The context_visualizer package provides a lightweight Flask web application that lets you inspect and manage a live CLIO Runtime cluster from your browser. It connects to the runtime using the same client API used by application code and surfaces cluster topology, per-node worker statistics, system resource utilization, block device stats, pool configuration, and the active YAML config.

Prerequisites

  • IOWarp installed with Python support (CLIO_CORE_ENABLE_PYTHON=ON)
  • A running CLIO Runtime (clio_run start)
  • Python dependencies: flask, pyyaml, msgpack

Install the Python dependencies with any of:

pip install flask pyyaml msgpack
# or
pip install iowarp-core[visualizer]
# or (conda)
conda install flask pyyaml python-msgpack

Starting the dashboard

python -m context_visualizer

Then open http://127.0.0.1:5000 in your browser.

CLI options

FlagDefaultDescription
--host127.0.0.1Bind address. Use 0.0.0.0 to expose on all interfaces.
--port5000Listen port.
--debug(off)Enable Flask debug mode (auto-reload, verbose errors).
# Expose on all interfaces, non-default port
python -m context_visualizer --host 0.0.0.0 --port 8080

# Debug mode (development only)
python -m context_visualizer --debug

Pages

Topology (/)

The landing page shows a live grid of all nodes in the cluster.
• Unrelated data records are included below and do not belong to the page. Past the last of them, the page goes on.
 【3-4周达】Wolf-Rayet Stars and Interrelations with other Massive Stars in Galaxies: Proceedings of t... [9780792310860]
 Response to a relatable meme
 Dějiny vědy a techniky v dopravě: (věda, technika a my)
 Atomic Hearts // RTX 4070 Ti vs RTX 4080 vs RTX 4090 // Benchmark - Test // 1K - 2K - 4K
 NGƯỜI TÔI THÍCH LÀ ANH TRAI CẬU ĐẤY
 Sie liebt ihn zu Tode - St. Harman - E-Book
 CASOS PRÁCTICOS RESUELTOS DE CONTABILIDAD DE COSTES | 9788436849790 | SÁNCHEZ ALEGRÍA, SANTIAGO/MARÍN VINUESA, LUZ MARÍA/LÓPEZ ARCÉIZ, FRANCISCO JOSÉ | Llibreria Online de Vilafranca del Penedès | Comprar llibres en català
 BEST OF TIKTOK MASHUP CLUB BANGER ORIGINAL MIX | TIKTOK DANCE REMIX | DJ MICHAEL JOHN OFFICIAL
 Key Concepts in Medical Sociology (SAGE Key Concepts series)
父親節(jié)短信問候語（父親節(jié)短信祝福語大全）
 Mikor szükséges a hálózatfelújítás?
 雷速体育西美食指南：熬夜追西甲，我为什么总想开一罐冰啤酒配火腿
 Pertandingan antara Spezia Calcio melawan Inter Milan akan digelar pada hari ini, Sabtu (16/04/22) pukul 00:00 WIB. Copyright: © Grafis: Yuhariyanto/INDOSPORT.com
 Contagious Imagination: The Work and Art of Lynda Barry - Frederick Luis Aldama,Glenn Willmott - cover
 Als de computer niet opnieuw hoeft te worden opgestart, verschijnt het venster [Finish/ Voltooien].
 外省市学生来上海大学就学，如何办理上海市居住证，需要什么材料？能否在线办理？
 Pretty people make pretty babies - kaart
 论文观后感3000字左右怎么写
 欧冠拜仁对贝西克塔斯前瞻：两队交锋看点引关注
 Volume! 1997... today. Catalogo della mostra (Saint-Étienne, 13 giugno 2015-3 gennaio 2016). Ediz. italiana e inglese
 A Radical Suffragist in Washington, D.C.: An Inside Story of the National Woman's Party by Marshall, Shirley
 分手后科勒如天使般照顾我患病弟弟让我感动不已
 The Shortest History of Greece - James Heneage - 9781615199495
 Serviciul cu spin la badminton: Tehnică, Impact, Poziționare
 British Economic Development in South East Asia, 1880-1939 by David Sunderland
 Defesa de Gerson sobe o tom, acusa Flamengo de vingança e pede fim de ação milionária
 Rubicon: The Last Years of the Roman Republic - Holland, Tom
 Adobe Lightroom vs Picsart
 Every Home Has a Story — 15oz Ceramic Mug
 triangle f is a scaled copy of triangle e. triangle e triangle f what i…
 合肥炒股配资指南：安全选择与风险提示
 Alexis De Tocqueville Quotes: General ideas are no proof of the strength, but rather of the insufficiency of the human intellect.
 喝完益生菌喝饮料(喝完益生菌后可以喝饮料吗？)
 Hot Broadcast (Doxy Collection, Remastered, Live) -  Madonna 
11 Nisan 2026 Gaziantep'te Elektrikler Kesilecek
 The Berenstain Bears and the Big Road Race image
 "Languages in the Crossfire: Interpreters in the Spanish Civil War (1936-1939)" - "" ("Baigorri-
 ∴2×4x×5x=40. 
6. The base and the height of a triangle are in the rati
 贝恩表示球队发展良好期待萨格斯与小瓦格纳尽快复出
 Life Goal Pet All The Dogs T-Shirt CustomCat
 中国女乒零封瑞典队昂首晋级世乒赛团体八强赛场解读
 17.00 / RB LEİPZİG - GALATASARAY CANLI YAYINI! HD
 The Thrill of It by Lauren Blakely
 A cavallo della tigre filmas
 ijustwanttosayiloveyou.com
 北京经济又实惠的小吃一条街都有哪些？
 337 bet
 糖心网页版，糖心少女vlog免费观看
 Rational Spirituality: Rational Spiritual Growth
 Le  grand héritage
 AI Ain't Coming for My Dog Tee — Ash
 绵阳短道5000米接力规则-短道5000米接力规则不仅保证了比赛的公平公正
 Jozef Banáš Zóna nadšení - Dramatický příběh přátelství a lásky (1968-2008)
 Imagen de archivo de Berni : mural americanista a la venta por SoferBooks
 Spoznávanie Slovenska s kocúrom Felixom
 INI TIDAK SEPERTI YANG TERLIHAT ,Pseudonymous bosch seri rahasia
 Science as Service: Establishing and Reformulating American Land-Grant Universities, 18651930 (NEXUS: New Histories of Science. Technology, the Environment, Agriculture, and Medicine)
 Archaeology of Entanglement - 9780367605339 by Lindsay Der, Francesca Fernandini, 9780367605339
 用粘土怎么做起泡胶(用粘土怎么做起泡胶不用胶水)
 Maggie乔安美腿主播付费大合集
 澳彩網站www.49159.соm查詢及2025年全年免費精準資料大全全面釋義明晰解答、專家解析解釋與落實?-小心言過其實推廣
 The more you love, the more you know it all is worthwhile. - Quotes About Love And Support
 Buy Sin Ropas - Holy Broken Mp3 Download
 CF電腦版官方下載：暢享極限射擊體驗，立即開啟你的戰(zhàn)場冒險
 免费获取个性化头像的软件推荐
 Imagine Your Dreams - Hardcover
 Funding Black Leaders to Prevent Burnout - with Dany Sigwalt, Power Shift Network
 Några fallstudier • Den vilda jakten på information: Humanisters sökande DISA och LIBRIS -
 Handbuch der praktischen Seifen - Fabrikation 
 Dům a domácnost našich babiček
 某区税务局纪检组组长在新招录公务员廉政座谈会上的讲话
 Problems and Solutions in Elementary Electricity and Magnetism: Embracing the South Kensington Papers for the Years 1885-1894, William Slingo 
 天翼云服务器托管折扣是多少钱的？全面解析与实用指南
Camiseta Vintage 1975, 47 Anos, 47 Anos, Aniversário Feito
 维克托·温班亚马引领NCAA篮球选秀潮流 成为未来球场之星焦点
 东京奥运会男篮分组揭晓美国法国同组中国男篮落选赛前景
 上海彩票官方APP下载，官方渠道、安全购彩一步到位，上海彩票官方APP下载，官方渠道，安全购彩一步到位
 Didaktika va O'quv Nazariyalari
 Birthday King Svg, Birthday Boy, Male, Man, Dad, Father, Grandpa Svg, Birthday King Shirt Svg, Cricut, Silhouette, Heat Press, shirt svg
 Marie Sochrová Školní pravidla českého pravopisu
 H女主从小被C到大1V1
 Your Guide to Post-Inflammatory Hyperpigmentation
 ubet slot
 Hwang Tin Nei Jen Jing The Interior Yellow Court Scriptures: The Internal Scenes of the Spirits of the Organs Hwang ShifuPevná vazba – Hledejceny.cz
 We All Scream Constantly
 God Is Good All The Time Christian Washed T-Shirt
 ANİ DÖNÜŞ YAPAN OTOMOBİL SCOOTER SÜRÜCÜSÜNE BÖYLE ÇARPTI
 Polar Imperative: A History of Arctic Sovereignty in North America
Each node card displays:

  • Hostname and IP address
  • Status badge (alive)
  • CPU, RAM, and GPU utilization bars (GPU shown only when GPUs are present)
  • Restart and Shutdown action buttons

The search bar supports filtering by node ID (single 3, range 1-20, comma-separated 1,3,5) or by hostname/IP substring.

Clicking a node card navigates to the per-node detail page.

Node detail (/node/<id>)

A per-node drilldown page showing:

  • Worker statistics — per-worker queue depth, blocked tasks, processed count, and more
  • System stats — time-series CPU, RAM, GPU, and HBM utilization
  • Block device stats — per-bdev pool throughput and capacity

Pools (/pools)

Lists all pools defined in the compose section of the active configuration file:

ColumnDescription
ModuleModule shared-library name (mod_name)
Pool NameUser-defined pool name
Pool IDUnique pool identifier
QueryRouting policy (local, dynamic, broadcast)

Config (/config)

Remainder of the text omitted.